U.K. arms sales to Saudi Arabia are fuelling the ongoing conflict in Yemen, according to legal opinion obtained by humanitarian agencies.

Amnesty and Saferworld, which are both members of the Control Arms Coalition, said that the U.K.'s continued dealings with Saudi Arabia, in context of the latter's intervention in Yemen, is in violation of national, European-Union and international law. Saudi Arabia is leading an airstrikes campaign in Yemen, the latest round of which killed at least 15 people on Monday.

The two humanitarian agencies sought the legal opinion of several international-law experts on the U.K.'s arms dealings with Saudi Arabia. The U.K. has issued more than 100 arms export licenses to Saudi Arabia since the airstrike campaign began in March, and licenses for exports to Saudi Arabia were worth more than £1.75 billion ($2.61 billion) between January and June, according to Amnesty.

Conflict has raged in Yemen since March, when an advance by the Iranian-backed Houthis forced Yemeni president Abd-Rabbu Mansour Hadi to flee the country, prompting Saudi Arabia to begin airstrikes. Following United Nations-sponsored peace talks in Switzerland in December, a seven-day ceasefire between the warring parties began on Monday.
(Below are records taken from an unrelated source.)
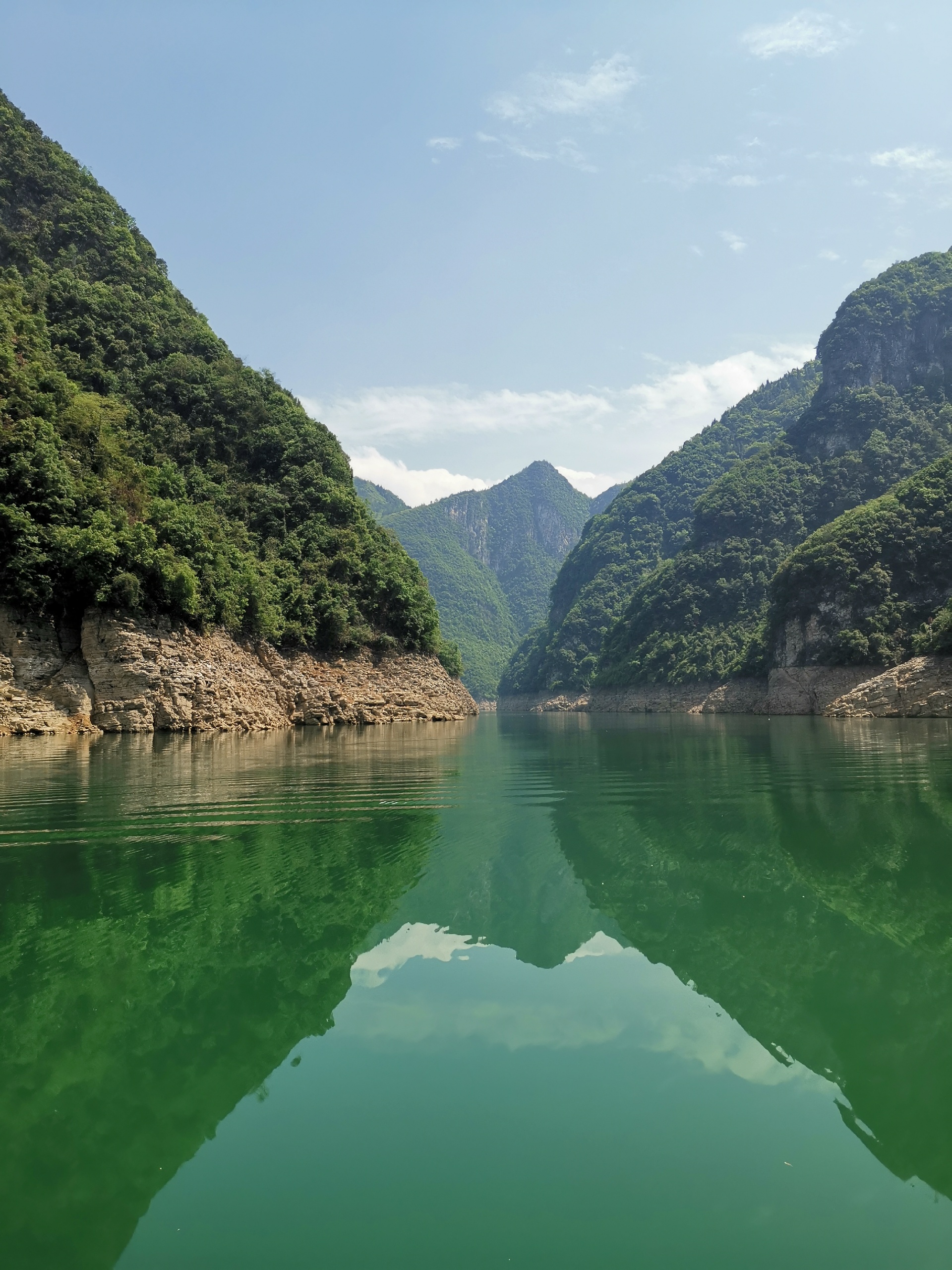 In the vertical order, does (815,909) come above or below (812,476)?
below

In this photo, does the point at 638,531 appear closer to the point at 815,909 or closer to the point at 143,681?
the point at 143,681

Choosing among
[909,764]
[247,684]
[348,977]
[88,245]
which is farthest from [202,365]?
[348,977]

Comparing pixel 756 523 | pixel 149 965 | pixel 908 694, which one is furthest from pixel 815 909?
pixel 756 523

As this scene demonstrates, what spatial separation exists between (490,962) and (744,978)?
2.05m

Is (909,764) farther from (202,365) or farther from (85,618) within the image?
(202,365)

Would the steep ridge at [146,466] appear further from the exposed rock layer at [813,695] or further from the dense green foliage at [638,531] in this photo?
the dense green foliage at [638,531]

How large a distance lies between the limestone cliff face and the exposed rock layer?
37.9 m

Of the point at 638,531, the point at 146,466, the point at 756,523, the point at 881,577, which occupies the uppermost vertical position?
the point at 638,531

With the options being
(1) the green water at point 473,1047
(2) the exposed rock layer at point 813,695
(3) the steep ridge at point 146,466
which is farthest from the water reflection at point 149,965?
(2) the exposed rock layer at point 813,695

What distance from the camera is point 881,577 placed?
71.9m

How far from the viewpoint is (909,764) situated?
2075 centimetres

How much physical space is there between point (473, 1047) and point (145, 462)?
169 ft

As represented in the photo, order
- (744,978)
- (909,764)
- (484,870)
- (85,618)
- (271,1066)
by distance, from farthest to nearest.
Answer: (85,618)
(909,764)
(484,870)
(744,978)
(271,1066)

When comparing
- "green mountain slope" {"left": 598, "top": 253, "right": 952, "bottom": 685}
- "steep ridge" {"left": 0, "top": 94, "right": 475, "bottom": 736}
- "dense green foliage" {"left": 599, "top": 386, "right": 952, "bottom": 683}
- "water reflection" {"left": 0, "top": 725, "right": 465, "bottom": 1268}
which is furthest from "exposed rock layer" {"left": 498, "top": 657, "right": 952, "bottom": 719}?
"water reflection" {"left": 0, "top": 725, "right": 465, "bottom": 1268}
At least 5,800 peopl —almost half of them civilians—have been killed since the Saudi-led airstrikes began in March, according to the U.N.
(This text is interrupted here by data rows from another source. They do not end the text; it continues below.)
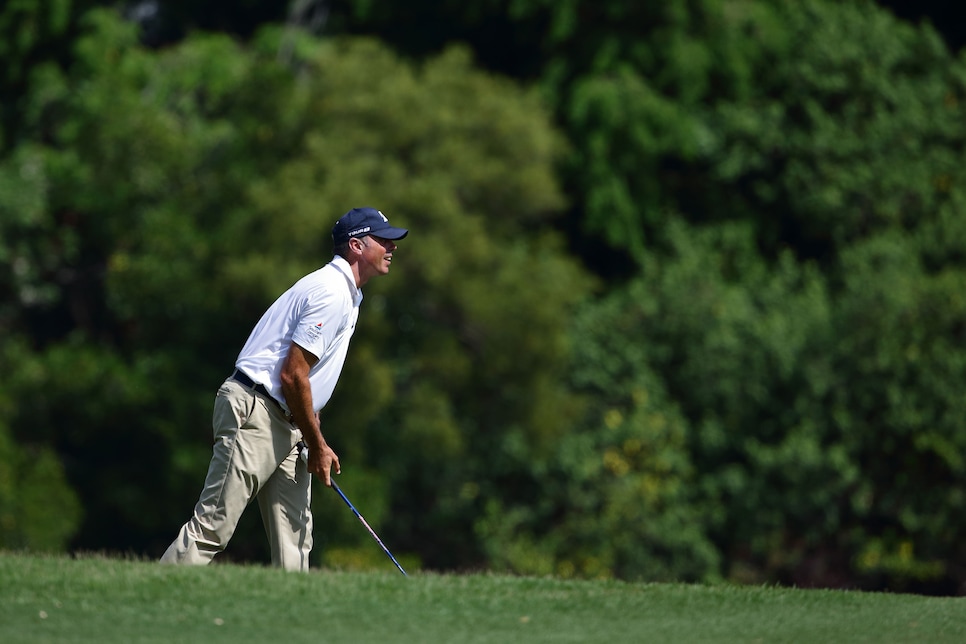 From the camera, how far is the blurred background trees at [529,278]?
18953mm

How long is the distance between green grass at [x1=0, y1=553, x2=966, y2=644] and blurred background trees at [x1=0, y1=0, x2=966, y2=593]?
1158cm

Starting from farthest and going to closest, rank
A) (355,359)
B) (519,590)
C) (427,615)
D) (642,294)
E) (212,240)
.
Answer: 1. (642,294)
2. (212,240)
3. (355,359)
4. (519,590)
5. (427,615)

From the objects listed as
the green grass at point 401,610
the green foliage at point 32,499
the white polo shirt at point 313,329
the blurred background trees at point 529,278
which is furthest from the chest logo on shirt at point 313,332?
the green foliage at point 32,499

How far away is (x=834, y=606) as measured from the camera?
660 cm

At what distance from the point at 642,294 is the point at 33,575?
15.7 metres

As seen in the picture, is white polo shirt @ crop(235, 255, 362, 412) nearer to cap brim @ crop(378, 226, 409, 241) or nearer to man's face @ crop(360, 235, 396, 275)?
man's face @ crop(360, 235, 396, 275)

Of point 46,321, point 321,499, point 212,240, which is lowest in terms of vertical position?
point 321,499

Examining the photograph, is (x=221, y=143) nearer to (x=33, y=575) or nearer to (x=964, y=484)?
(x=964, y=484)

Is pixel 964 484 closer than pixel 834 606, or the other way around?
pixel 834 606

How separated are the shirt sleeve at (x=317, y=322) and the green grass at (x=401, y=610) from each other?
39.6 inches

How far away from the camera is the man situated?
668 centimetres

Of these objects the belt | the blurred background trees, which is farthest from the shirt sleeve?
the blurred background trees

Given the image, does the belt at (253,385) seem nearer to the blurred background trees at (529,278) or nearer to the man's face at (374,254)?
the man's face at (374,254)

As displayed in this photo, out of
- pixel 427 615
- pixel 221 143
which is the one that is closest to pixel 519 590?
pixel 427 615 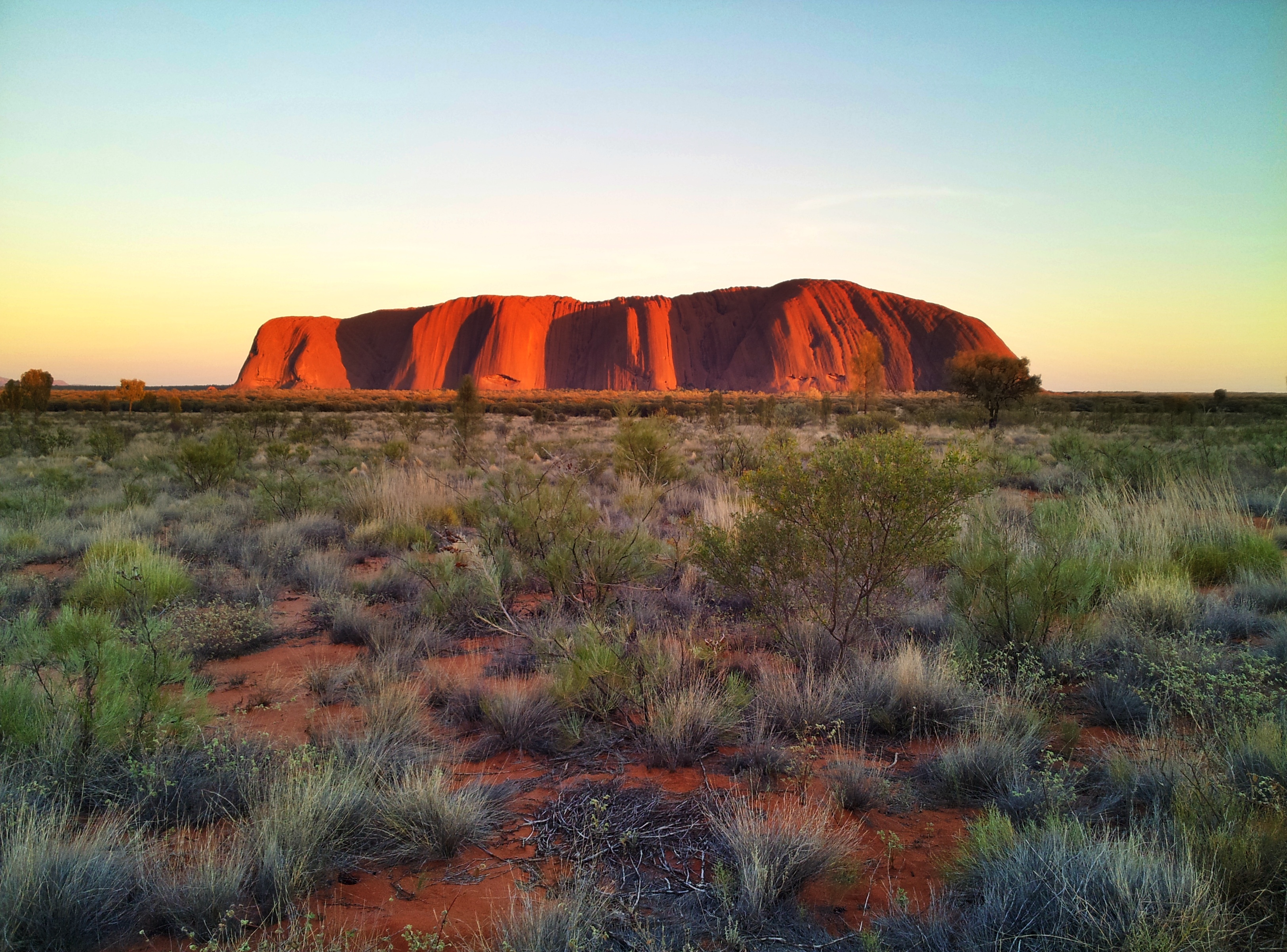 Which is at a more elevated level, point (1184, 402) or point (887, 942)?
point (1184, 402)

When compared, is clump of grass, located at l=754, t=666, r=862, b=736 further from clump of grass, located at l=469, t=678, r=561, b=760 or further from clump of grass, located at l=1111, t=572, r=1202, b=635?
clump of grass, located at l=1111, t=572, r=1202, b=635

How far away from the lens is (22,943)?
178 centimetres

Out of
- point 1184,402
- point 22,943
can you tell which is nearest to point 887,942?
point 22,943

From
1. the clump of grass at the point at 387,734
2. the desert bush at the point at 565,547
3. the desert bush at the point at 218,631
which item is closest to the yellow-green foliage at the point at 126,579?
the desert bush at the point at 218,631

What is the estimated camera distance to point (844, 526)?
3.98 m

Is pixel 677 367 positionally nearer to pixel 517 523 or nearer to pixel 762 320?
pixel 762 320

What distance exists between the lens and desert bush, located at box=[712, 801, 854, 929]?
200 centimetres

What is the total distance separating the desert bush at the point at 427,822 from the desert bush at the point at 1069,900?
1.47 meters

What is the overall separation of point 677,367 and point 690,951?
91348mm

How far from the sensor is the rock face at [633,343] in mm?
86750

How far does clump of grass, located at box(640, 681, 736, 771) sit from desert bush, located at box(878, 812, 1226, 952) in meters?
1.23

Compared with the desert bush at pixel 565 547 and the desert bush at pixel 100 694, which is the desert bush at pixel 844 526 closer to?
the desert bush at pixel 565 547

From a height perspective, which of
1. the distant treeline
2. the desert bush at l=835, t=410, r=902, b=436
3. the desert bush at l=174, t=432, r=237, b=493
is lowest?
the desert bush at l=174, t=432, r=237, b=493

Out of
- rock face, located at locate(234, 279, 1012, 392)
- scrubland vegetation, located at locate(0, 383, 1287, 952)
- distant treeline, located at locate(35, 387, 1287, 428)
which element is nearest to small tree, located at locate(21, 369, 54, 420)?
distant treeline, located at locate(35, 387, 1287, 428) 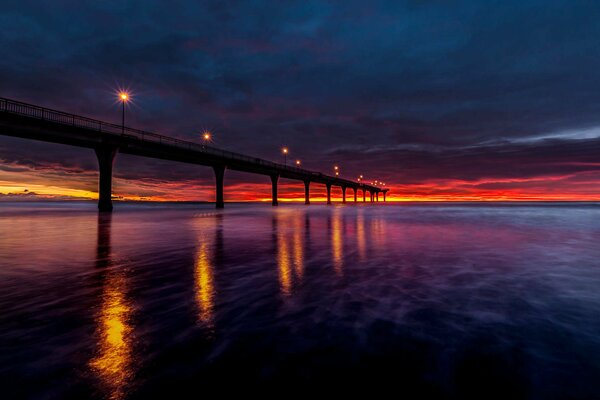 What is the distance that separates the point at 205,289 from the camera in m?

Legal experts working on behalf of Amnesty and Saferworld claimed that, since at least May, the U.K. government can be deemed to have " actual knowledge...of the use by Saudi Arabia of weapons, including U.K.-supplied weapons, in attacks directed against civilians and civilians objects, in violation of international law." Amnesty alleged in November that a British-made missile was used by the Saudi Arabia-led coalition to destroy a civilian target—a Yemeni ceramics factory—in Sana'a, resulting in the death of one person, an apparent violation of international law.
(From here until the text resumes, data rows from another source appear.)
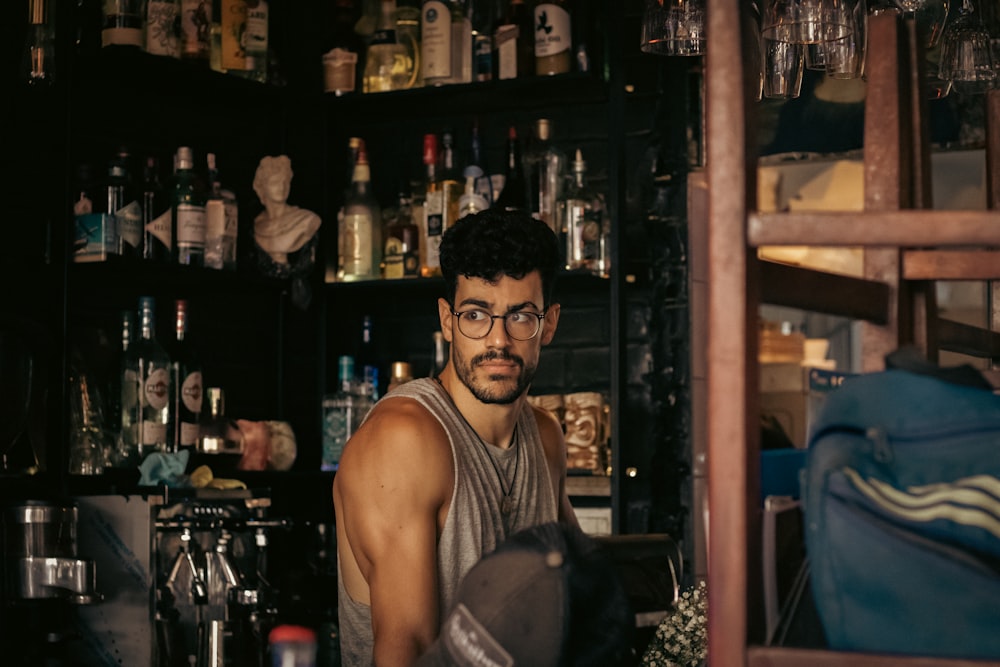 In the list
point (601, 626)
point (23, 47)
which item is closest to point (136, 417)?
point (23, 47)

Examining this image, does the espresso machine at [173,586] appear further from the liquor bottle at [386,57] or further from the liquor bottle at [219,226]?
the liquor bottle at [386,57]

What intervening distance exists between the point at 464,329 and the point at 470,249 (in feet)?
0.44

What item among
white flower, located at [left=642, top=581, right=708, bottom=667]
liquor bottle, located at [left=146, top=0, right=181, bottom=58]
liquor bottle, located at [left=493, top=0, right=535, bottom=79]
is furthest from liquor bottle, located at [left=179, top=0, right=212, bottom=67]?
white flower, located at [left=642, top=581, right=708, bottom=667]

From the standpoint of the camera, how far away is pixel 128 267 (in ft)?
8.99

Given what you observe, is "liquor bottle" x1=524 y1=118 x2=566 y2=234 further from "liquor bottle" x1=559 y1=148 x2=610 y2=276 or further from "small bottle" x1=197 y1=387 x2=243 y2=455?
"small bottle" x1=197 y1=387 x2=243 y2=455

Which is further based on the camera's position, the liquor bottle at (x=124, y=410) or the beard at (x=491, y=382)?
the liquor bottle at (x=124, y=410)

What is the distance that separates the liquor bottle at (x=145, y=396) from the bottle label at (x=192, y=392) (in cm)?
6

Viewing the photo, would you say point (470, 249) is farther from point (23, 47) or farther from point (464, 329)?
point (23, 47)

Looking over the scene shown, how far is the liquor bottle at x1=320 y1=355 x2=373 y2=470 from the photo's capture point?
3271 millimetres

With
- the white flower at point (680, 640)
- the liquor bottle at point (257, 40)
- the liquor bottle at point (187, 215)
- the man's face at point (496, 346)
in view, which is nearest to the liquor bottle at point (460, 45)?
the liquor bottle at point (257, 40)

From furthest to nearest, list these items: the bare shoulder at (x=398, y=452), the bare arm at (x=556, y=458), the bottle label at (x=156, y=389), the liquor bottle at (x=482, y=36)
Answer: the liquor bottle at (x=482, y=36)
the bottle label at (x=156, y=389)
the bare arm at (x=556, y=458)
the bare shoulder at (x=398, y=452)

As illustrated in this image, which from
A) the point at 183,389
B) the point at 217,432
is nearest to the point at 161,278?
the point at 183,389

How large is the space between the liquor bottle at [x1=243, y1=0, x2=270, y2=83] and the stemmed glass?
67.0 inches

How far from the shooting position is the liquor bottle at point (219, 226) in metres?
3.00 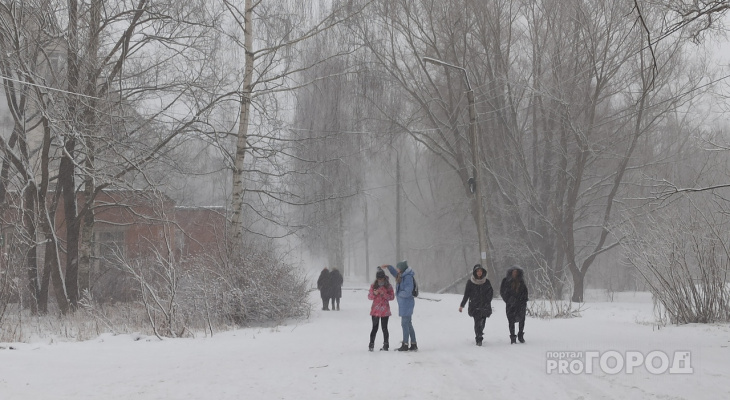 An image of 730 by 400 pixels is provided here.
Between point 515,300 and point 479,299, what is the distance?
0.68m

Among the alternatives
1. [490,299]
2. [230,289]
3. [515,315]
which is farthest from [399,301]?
[230,289]

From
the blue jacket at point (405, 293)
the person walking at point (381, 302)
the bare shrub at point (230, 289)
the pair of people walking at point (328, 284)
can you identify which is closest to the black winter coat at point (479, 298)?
the blue jacket at point (405, 293)

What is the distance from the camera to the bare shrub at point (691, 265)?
12828 mm

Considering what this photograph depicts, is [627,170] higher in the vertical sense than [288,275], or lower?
higher

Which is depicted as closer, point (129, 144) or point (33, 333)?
point (33, 333)

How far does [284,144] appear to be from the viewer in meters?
17.4

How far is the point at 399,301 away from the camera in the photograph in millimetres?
11117

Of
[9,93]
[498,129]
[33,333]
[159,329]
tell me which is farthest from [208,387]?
[498,129]

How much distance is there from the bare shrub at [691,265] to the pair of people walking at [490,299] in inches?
133

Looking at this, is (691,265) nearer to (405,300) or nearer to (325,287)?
(405,300)

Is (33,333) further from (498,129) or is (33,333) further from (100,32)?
(498,129)

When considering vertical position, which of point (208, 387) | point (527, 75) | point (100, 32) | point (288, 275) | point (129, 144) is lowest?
point (208, 387)

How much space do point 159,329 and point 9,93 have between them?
8.40m

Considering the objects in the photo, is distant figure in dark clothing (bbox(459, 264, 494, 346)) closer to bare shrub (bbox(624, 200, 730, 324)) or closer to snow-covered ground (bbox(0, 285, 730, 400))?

"This legal opinion confirms our long-held view that the continued sale of arms from the UK to Saudi Arabia is illegal, immoral and indefensible," said Kate Allen, Amnesty International U.K. Director.

The U.K. has previously denied participating in the conflict in Yemen and said that it assesses the possibility of human-rights abuses when considering arms deals. In a November statement reported by the Guardian, a U.K. government spokesman said that the U.K. "takes its arms export responsibilities very seriously and operates one of the most robust arms export-control regimes in the world."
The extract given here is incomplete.